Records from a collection
-------

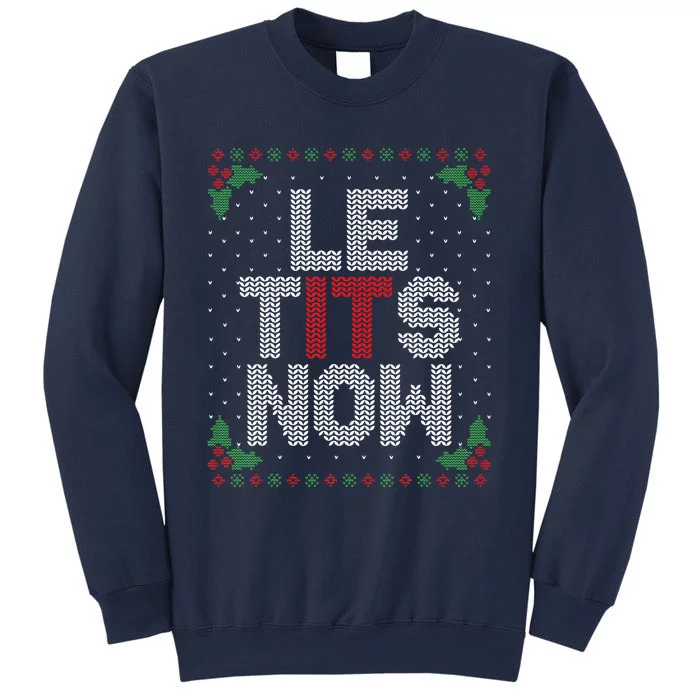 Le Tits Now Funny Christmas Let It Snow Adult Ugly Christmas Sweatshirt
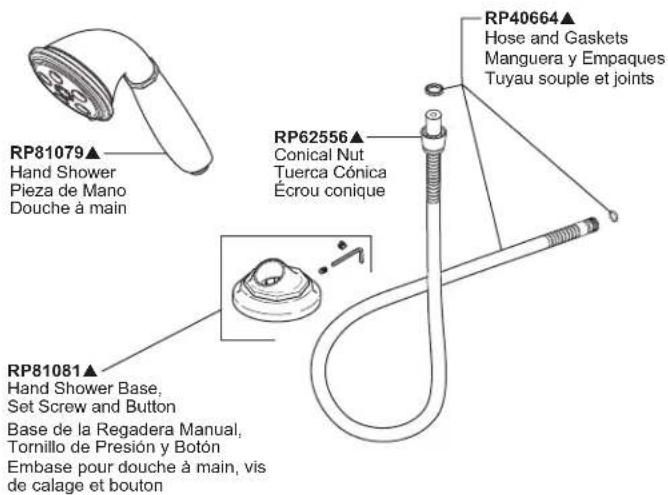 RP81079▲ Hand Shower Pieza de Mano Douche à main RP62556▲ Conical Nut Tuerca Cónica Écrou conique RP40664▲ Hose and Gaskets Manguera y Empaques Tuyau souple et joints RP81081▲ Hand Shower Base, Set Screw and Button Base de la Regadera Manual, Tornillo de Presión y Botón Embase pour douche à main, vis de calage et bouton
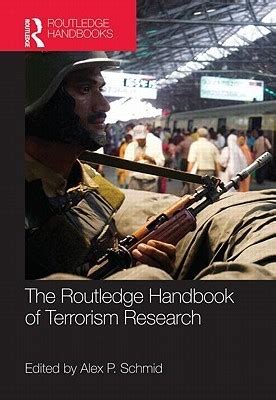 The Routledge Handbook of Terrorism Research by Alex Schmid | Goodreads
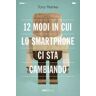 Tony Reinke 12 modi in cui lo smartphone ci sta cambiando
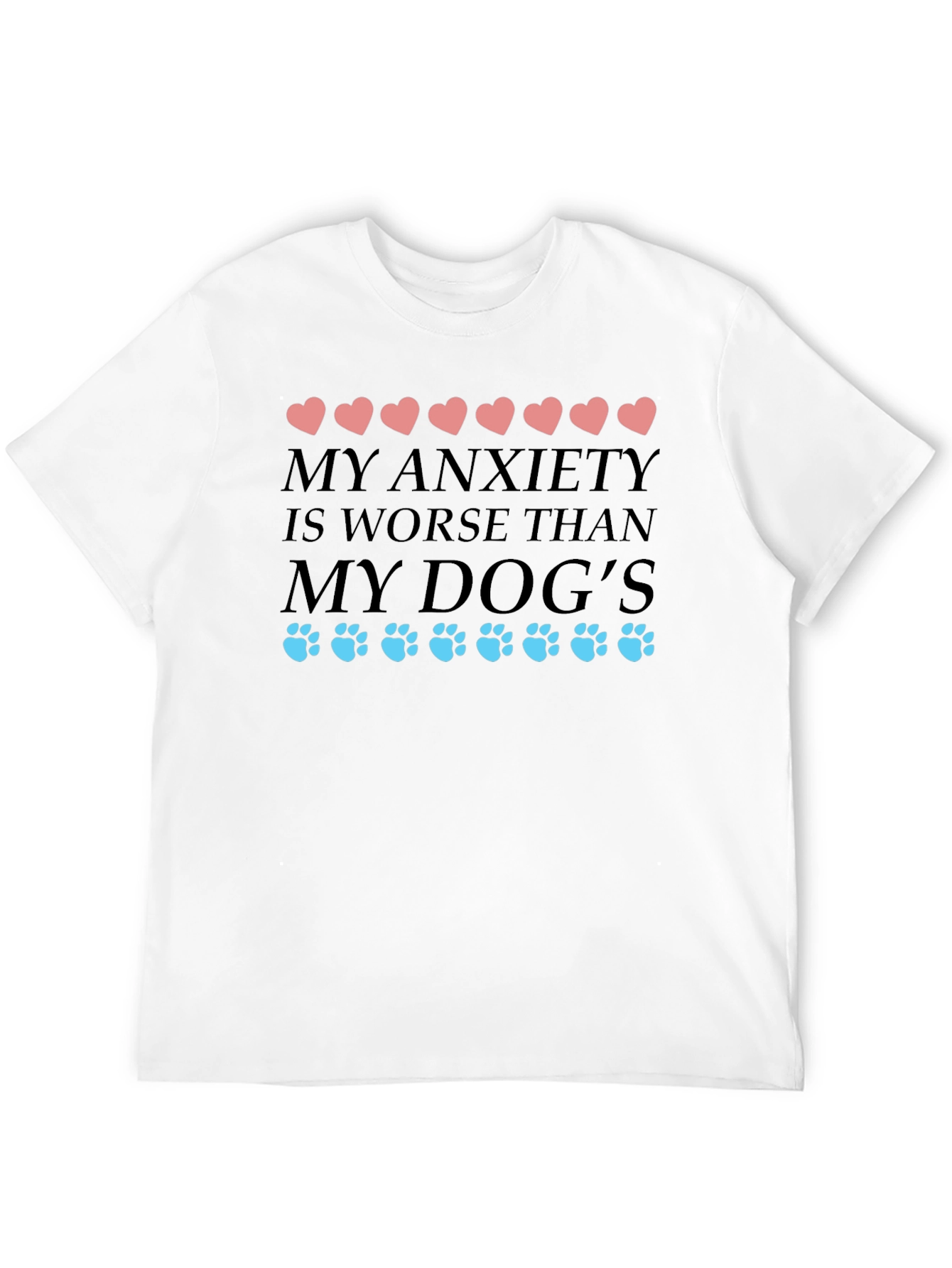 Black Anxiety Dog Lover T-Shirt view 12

-------

(ABOUT THIS TASK): Return each line above exactly; any pictures are to be skipped.

(REPLY):
 Le Tits Now Funny Christmas Let It Snow Adult Ugly Christmas Sweatshirt
 RP81079▲ Hand Shower Pieza de Mano Douche à main RP62556▲ Conical Nut Tuerca Cónica Écrou conique RP40664▲ Hose and Gaskets Manguera y Empaques Tuyau souple et joints RP81081▲ Hand Shower Base, Set Screw and Button Base de la Regadera Manual, Tornillo de Presión y Botón Embase pour douche à main, vis de calage et bouton
 The Routledge Handbook of Terrorism Research by Alex Schmid | Goodreads
 Tony Reinke 12 modi in cui lo smartphone ci sta cambiando
 Black Anxiety Dog Lover T-Shirt view 12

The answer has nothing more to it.